Thomas starts unbuttoning his shirt. Bill watches him until he's got all the buttons undone and pulled the back out from his trousers before he steps over, leans down, and kisses him, smearing the paintbrush and the paint against his skin.


Thomas starts unbuttoning his shirt. Bill watches him. He's got it off by the time Patricia comes in.

"I can wash that," she says.

"It's all right," Thomas says. He holds it up over his head like a sail. "I can use it in a shoot."

She steps closer, leans over him to look at the canvas. "What's it about?"

Bill smiles, like it's an old joke. "Not sure yet."

She tilts her head to look at it from an angle. "It looks like that one photo Tom had."

Thomas tilts his head. Staring at the painting edge-on, it's an endless plane of splotches, every one out of focus until he looks at it.

"The photo showed something," he says. "You just couldn't see it anymore."

"There isn't anything in it," Bill says. "Not until you put it there."


He photographs living things. The birds are all living things, real, but he puts them in clothes and poses and rooms with sets of light and shadow until they aren't living things anymore. He has to get out before he can shoot real things, reality happening. He can't put that in a box in his flat.

Sometimes he wants to put Bill in a photo. Bill and Patricia, maybe. Framed by the doorway. The shutter snaps and they always will have been forever a happy couple. Blink and it's the truth. Blink and they're fighting. Blink and she runs away with the photographer.

"I don't put things in my photos," Thomas complains. "Not the real ones. I take things as they come."

"You know that's not true," Bill says. "There's always composition involved."

"But if you're looking at something true, that's what's there."

"No," Bill says. "There's truth, and the viewer, and the artist who put it together."

Sometimes he's just randy. Sometimes he just comes over, finds Bill staring at his paintings, without a brush, even, and loops his arms around Bill's waist and inhales turpentine and sweat from his neck. He and Bill have sex, when they have sex, amid paint-splatter and paint-thinner and paint-fumes and paint-haze and paint-dreams.

Sometimes he makes up stories.

"What if it wasn't real? What about the photos I took?"

"What photos?" Bill asks.

"I only saw the one," Patricia says.

The birds, the two birds, in stockings and dresses and then no stockings and no dresses and crinkling purple paper. "There were these two girls... they saw them."

"We're not accusing you, Tom," Patricia says, looking between her husband and her lover and the canvas and the floor like they tell a story. Husband to lover, canvas to floor. Blink and they're reversed. Blink and they never had sex.

He'd never taken the most important photographs.


Ron published the book, finishing on the still from the park, the blow-up. He was angry about the lack of negatives. They'd argued over the caption. They'd argued over the order of the other stills. He may have bought the junk shop, or at least the propeller. He used it as a prop in his next shoot, ultra-mod girls next to classic wooden lines, the paint-spattered shirt draped over it like a bloody flag.

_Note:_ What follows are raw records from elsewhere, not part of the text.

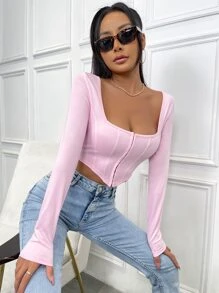 SHEIN Unity Hook And Eye Asymmetrical Hem Crop Tee Fall Cloth For Women - Baby Pink - View 3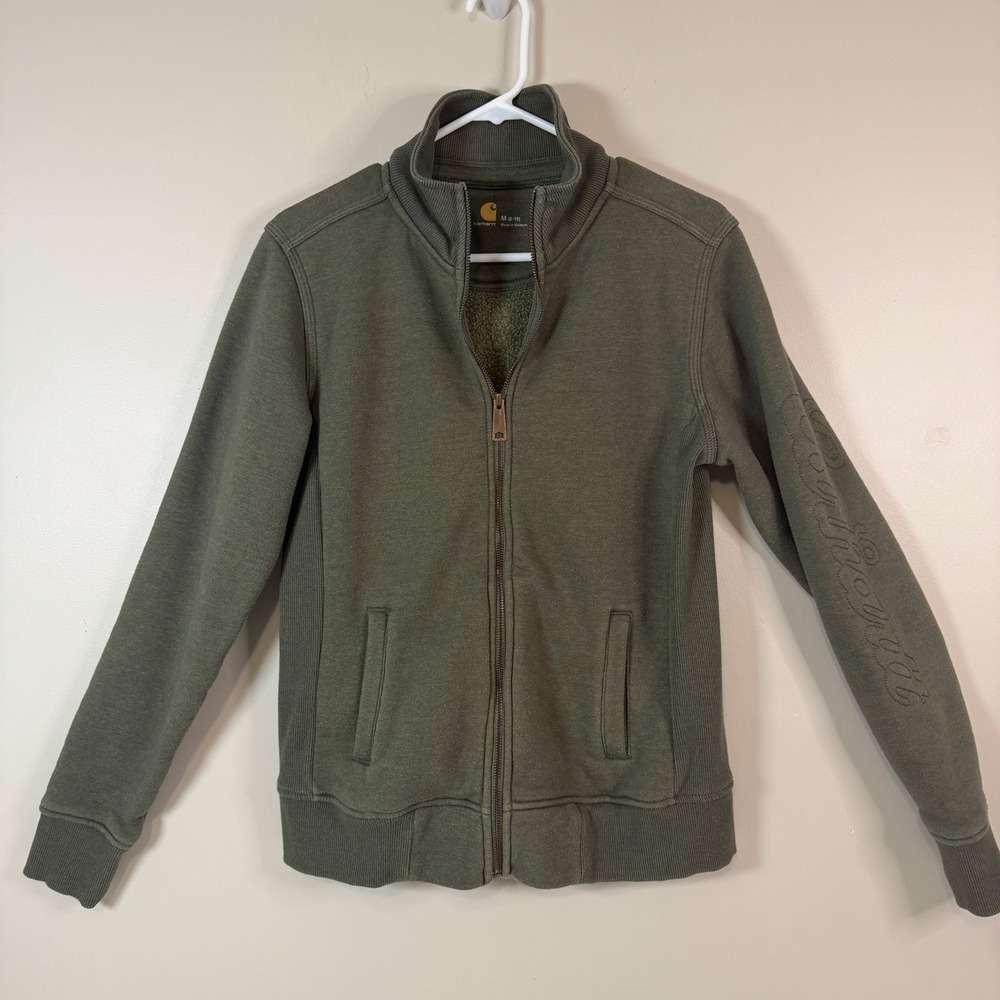 Carhartt Full Zip Mock Neck Sweatshirt Jacket Medium Embroidered Logo Streetwear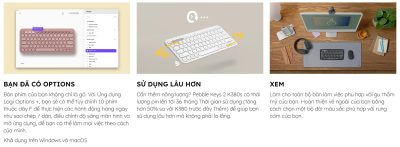 BÀN PHÍM KHÔNG DÂY LOGITECH PEBBLE KEYS 2 K380S MÀU TRẮNG (WIRELESS/BLUETOOTH) bảo hành chính hãng 13 ban phim khong day logitech pebble keys 2 k380s 8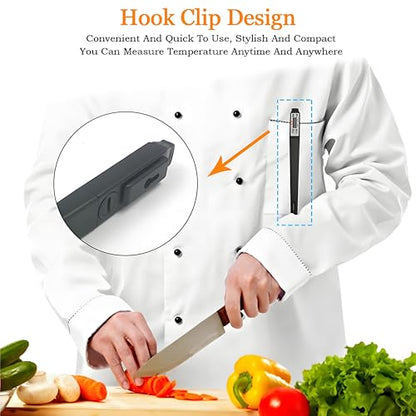 Meat Thermometer - Digital Food Thermometer for Cooking Kitchen - Automatic Calibration Pen Style Electronic Pocket Thermometer for Water Temperature, Barbecue (Yellow) - color: Yellow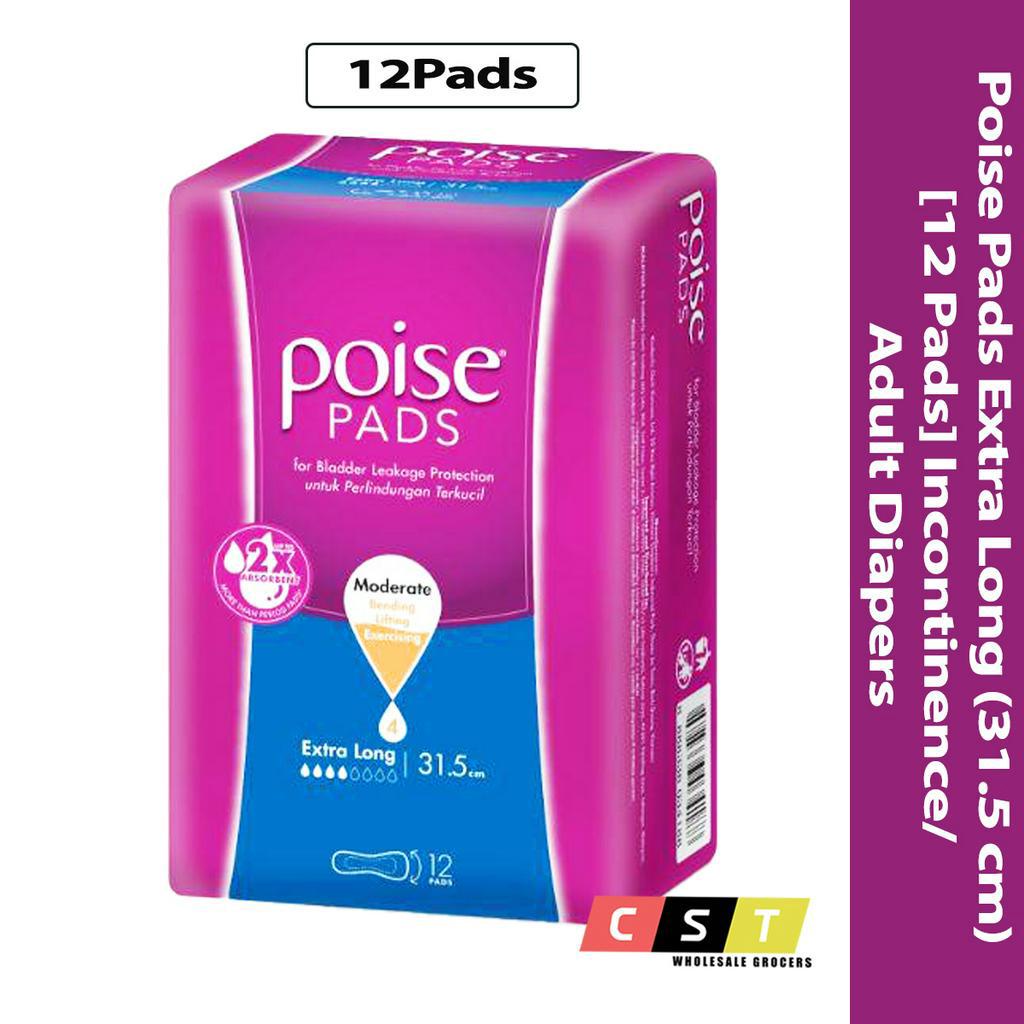 Poise Pads Extra Long (31.5cm) [12 Pads] Incontinence / Adult Diapers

"We're not accusing you, Tom," Patricia says, looking between him and Bill. Bill smirks and puts his paintbrush down, crosses to her, tilts her head back and kisses her. Thomas watches his paint-spattered fingers twine in her hair, smears of red and blue.

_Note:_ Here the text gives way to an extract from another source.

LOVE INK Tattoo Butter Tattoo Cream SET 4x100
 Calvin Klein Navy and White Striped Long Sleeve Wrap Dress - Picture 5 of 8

He looks away. They stop kissing. Bill looks down at him, he's sure, and says, "All it means is it doesn't matter if it happened or not. What you come away with is more important than what's there."

Thomas looks up. Patricia holds out her hand. He stands and drapes his ruined shirt around their shoulders, and they both grin, her first and then him, and pull him close.

Thomas and Bill and Patricia have sex, when they have sex, to remind each other about other people, to show each other the reason for art, to find a moment like a photograph when everything fits together. There are a million ways to reach each moment, and Thomas takes the pictures and doesn't know the meaning behind them, and Bill paints the pictures and doesn't know the images they make, and between them Patricia laughs and dances interpretation, from reality to art and back again.

Blink and it's the wrong interpretation.

Blink and it's the way you always remembered.